--- Dataset Enclosed Below ---

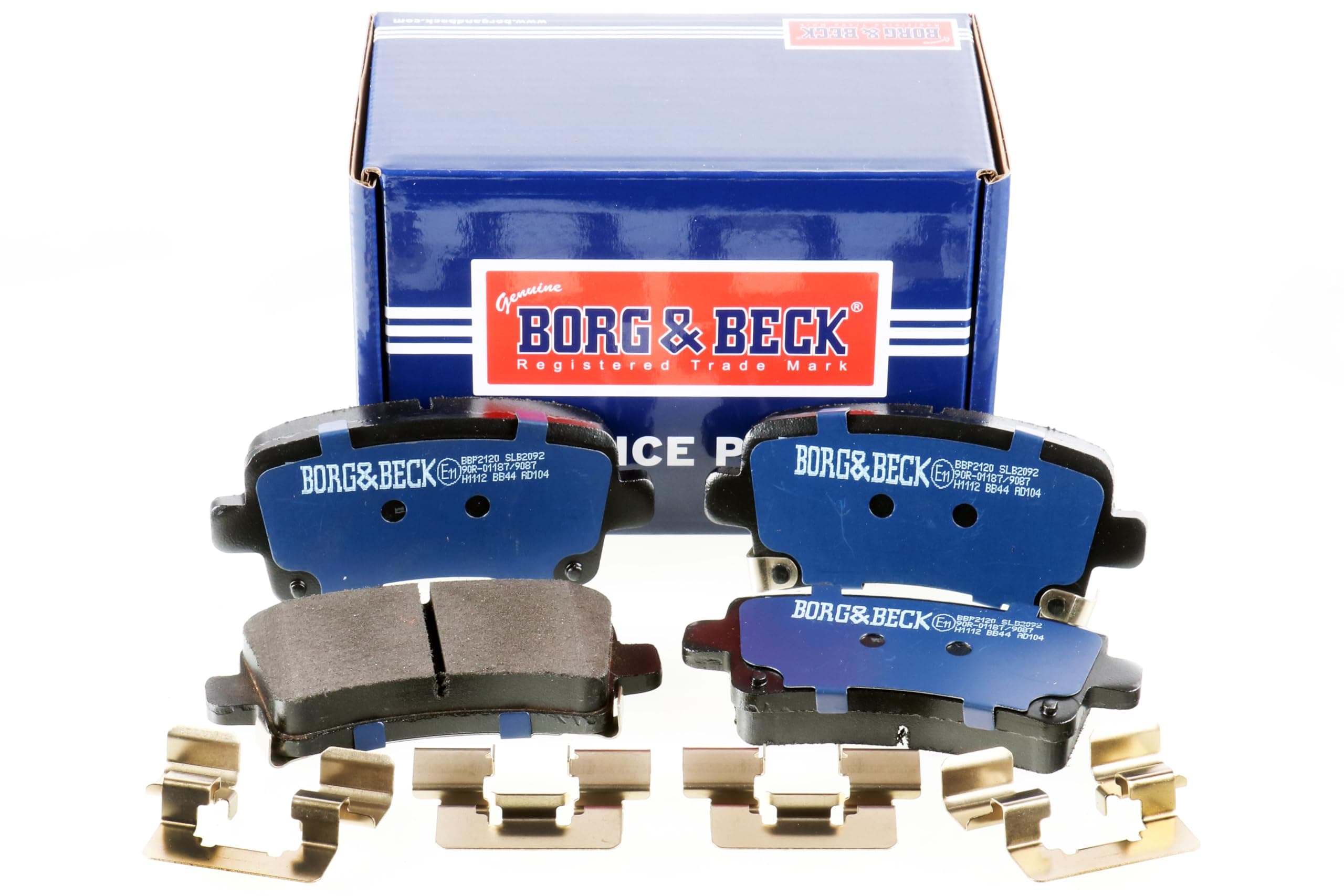 REAR BRAKE PADS Opel/Vauxhall Insignia 09-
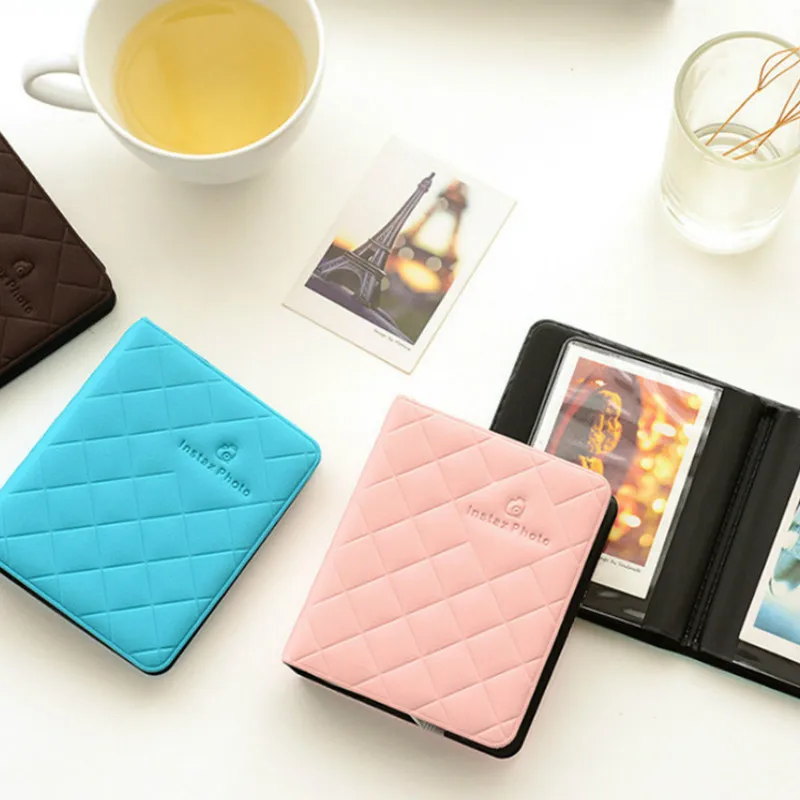 36 Карманы мини фотоаппарата для получения мгновенных снимков фотопленка альбом 3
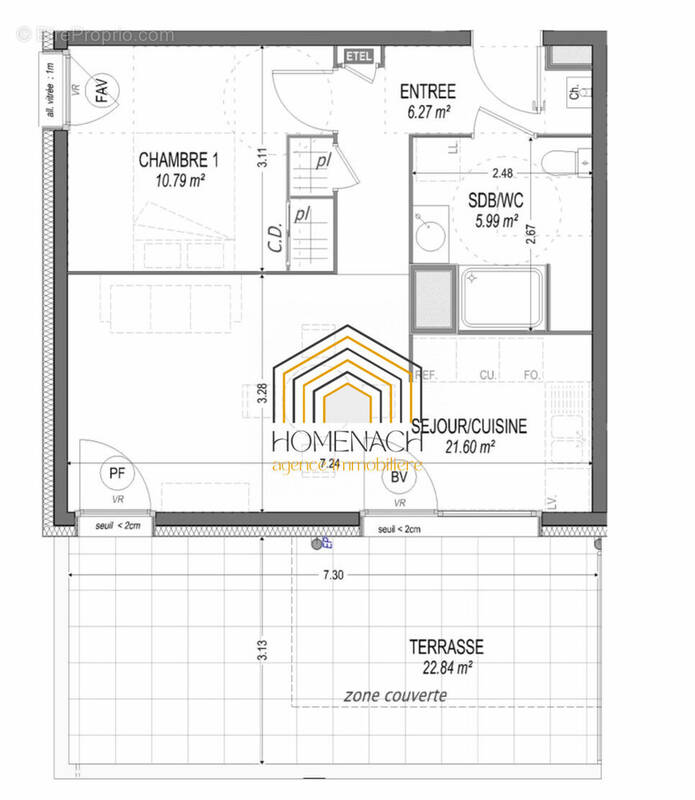 Appartement à CORBELIN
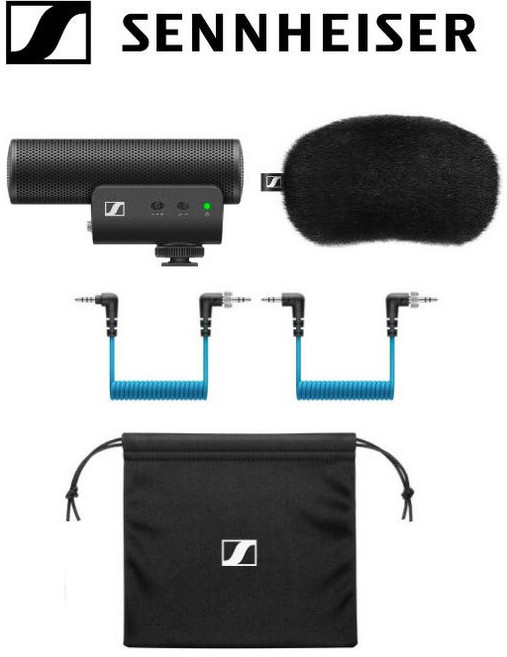 젠하이저 MKE400 DSLR 카메라 모바일 샷건 마이크, MKE 400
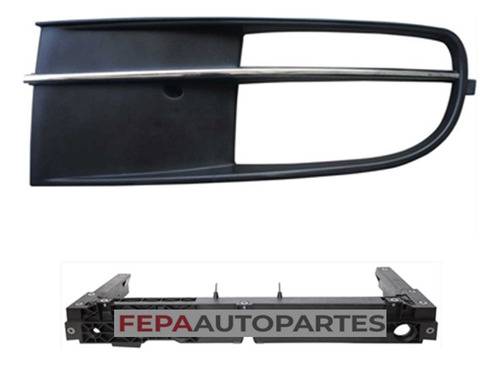 Grilla Tapa Faro Auxiliar Vw New Beetle 2014 / 2015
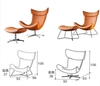 Ghế Xoay Thư Giãn 3040T
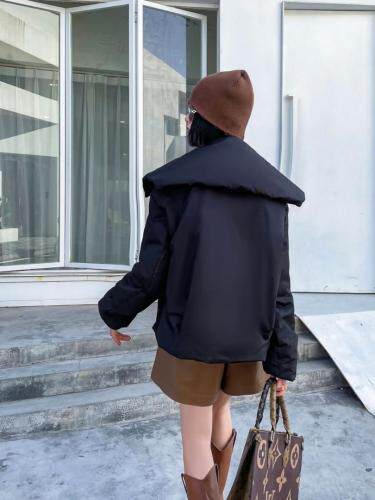 2021冬季设计师款高端羽绒服，女装羽绒服，储辰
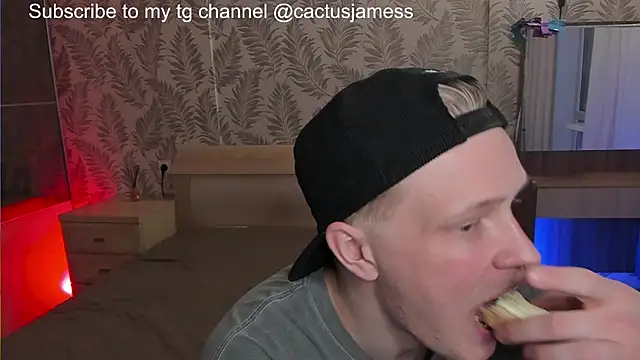 Cactus  James online show from 28, 11, 2025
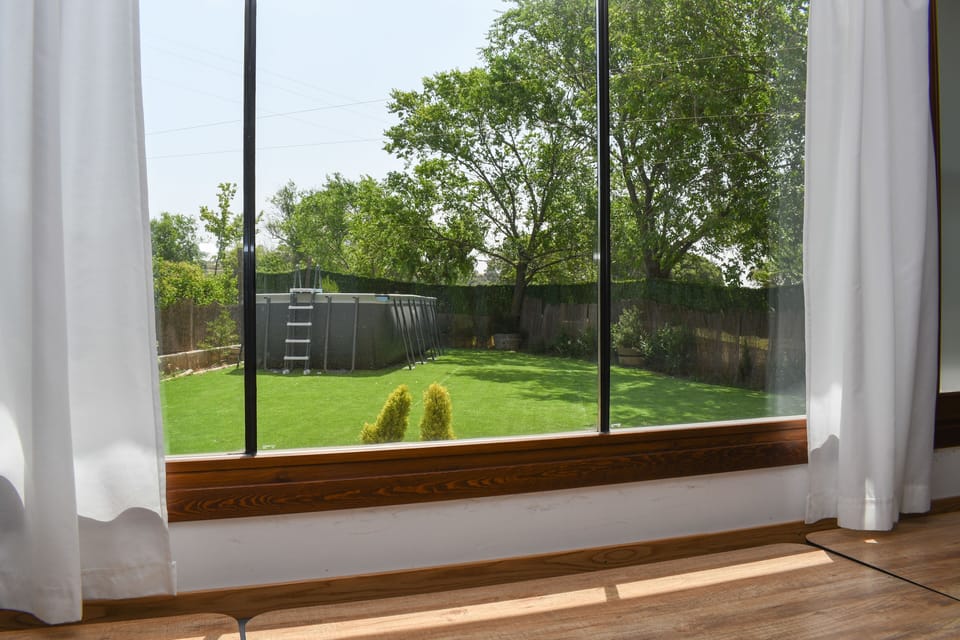 Garden view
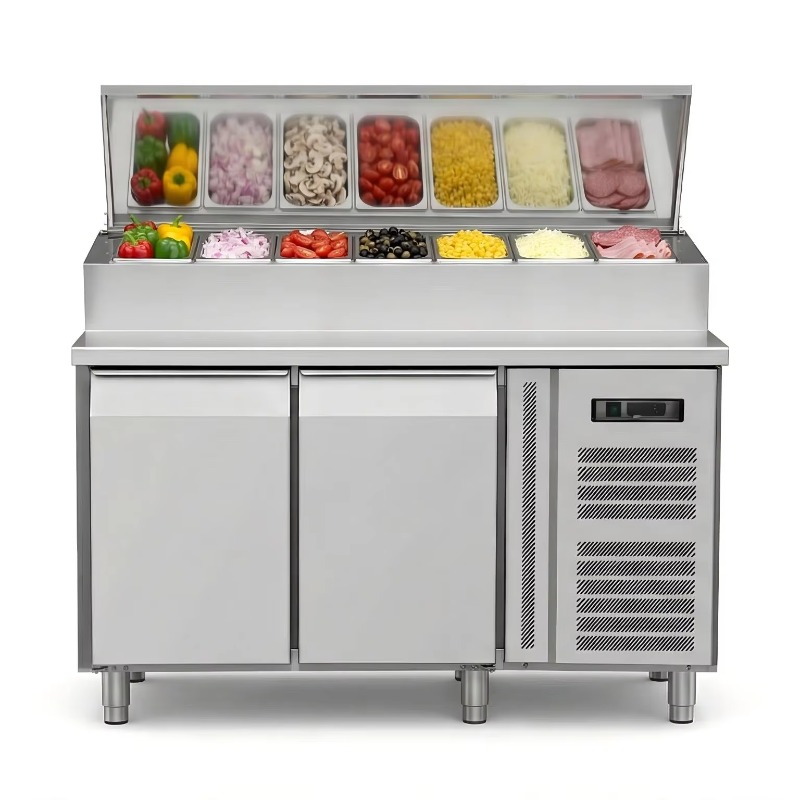 OEM Counter Fridge Sandwich Pr - Commercial Kitchen Door review and price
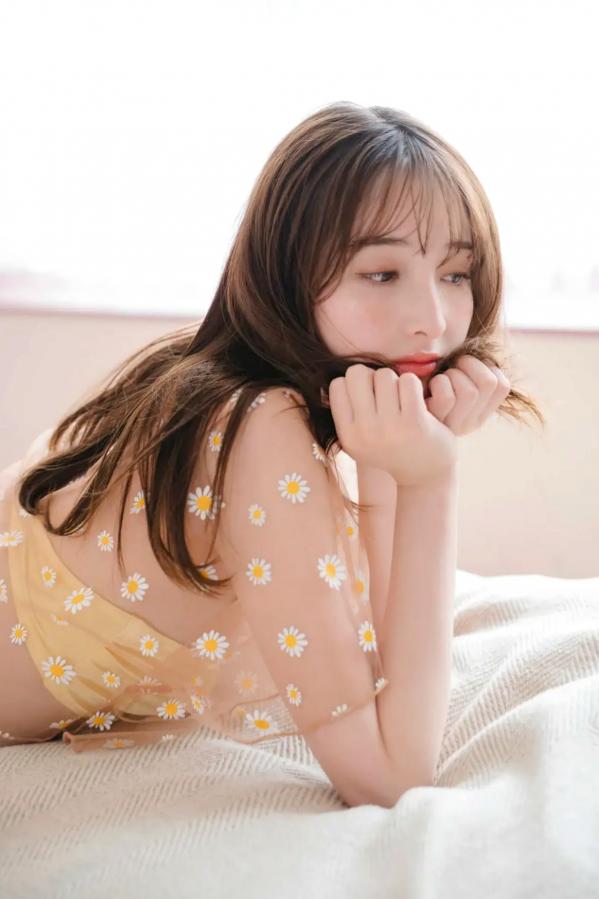    菜那セシル - きゅんってする：精致日系甜美写真，清纯脸庞搭配治愈笑容，营造梦幻私房心动氛围第25张图片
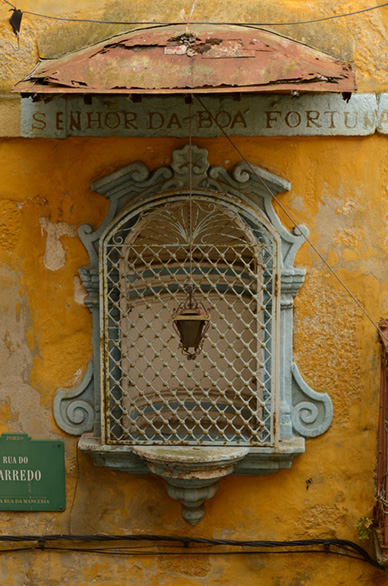 SENHOR DA BOA FORTUNAの銘字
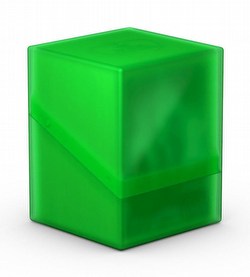 Ultimate Guard Boulder Emerald Deck Case 100+ [Case of 24]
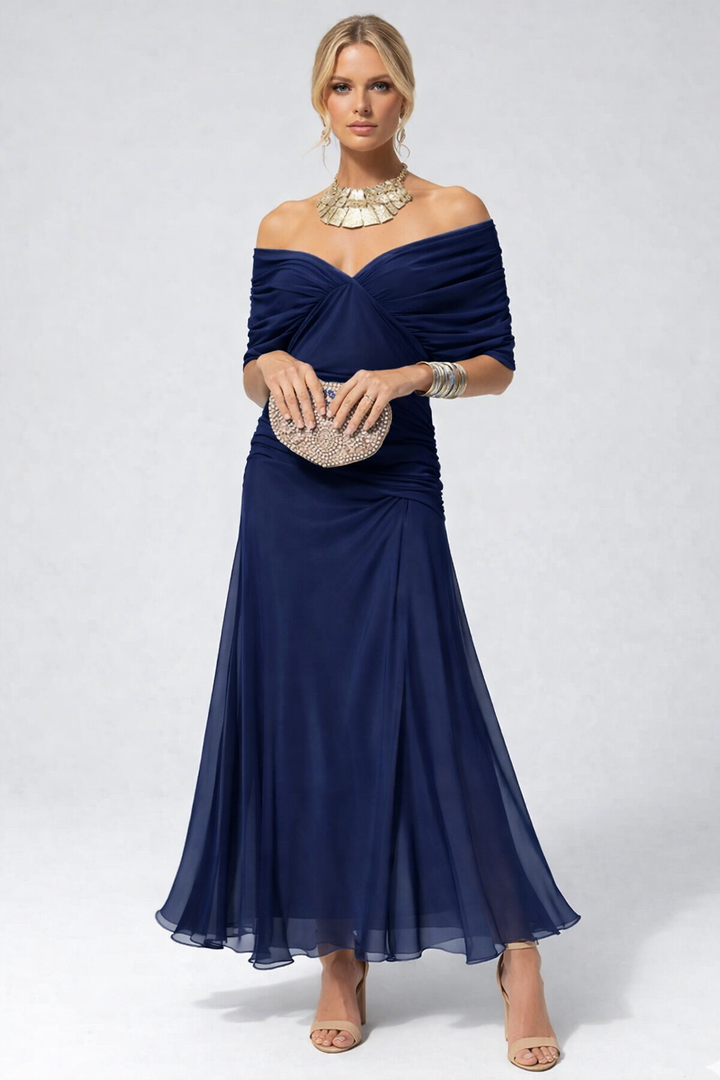 Sophie | Leichtes Elegantes Blumen Midikleid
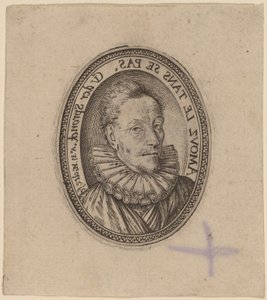 Gheraert van der Spronck od Hendrik Goltzius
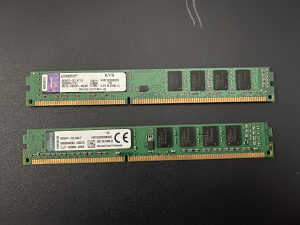 RAM Kingston 4GB 2x2GB DDR3 1333Mhz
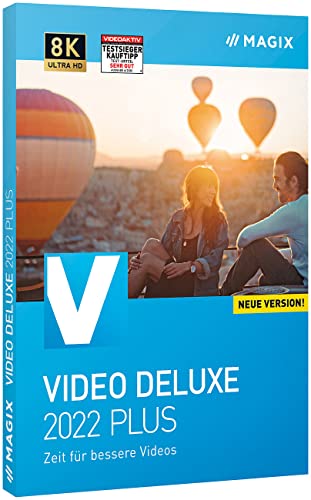 MAGIX Video deluxe 2022 Plus (Programme)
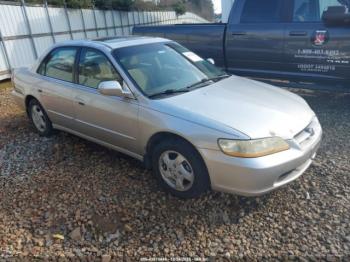  Salvage Honda Accord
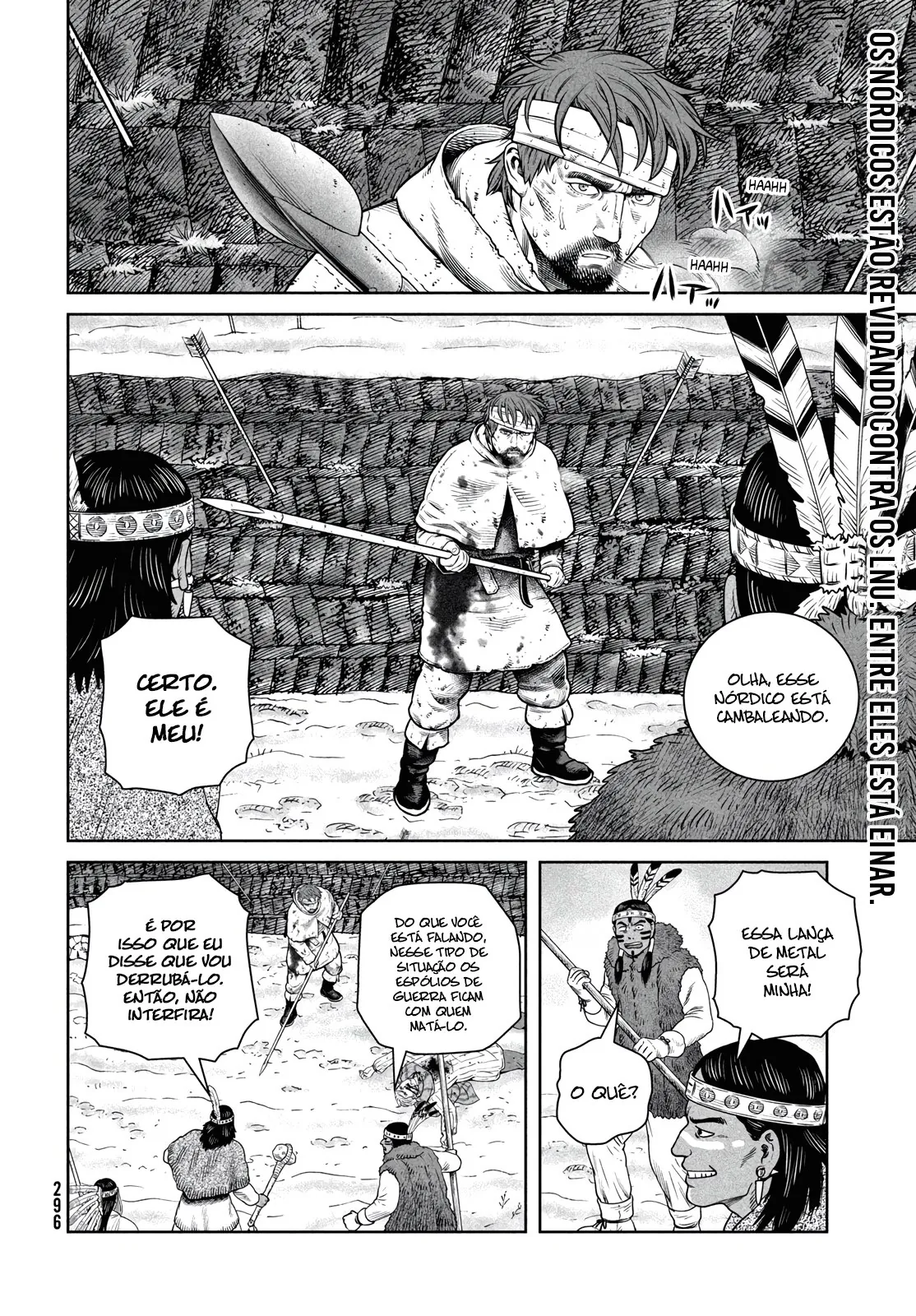 Read Vinland Saga PT Manga Online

--- End of Enclosed Dataset ---

> _Work required_: In the answer, the entries must appear exactly as above, without the images.

> _Output_:
 REAR BRAKE PADS Opel/Vauxhall Insignia 09-
 36 Карманы мини фотоаппарата для получения мгновенных снимков фотопленка альбом 3
 Appartement à CORBELIN
 젠하이저 MKE400 DSLR 카메라 모바일 샷건 마이크, MKE 400
 Grilla Tapa Faro Auxiliar Vw New Beetle 2014 / 2015
 Ghế Xoay Thư Giãn 3040T
 2021冬季设计师款高端羽绒服，女装羽绒服，储辰
 Cactus  James online show from 28, 11, 2025
 Garden view
 OEM Counter Fridge Sandwich Pr - Commercial Kitchen Door review and price
    菜那セシル - きゅんってする：精致日系甜美写真，清纯脸庞搭配治愈笑容，营造梦幻私房心动氛围第25张图片
 SENHOR DA BOA FORTUNAの銘字
 Ultimate Guard Boulder Emerald Deck Case 100+ [Case of 24]
 Sophie | Leichtes Elegantes Blumen Midikleid
 Gheraert van der Spronck od Hendrik Goltzius
 RAM Kingston 4GB 2x2GB DDR3 1333Mhz
 MAGIX Video deluxe 2022 Plus (Programme)
  Salvage Honda Accord
 Read Vinland Saga PT Manga Online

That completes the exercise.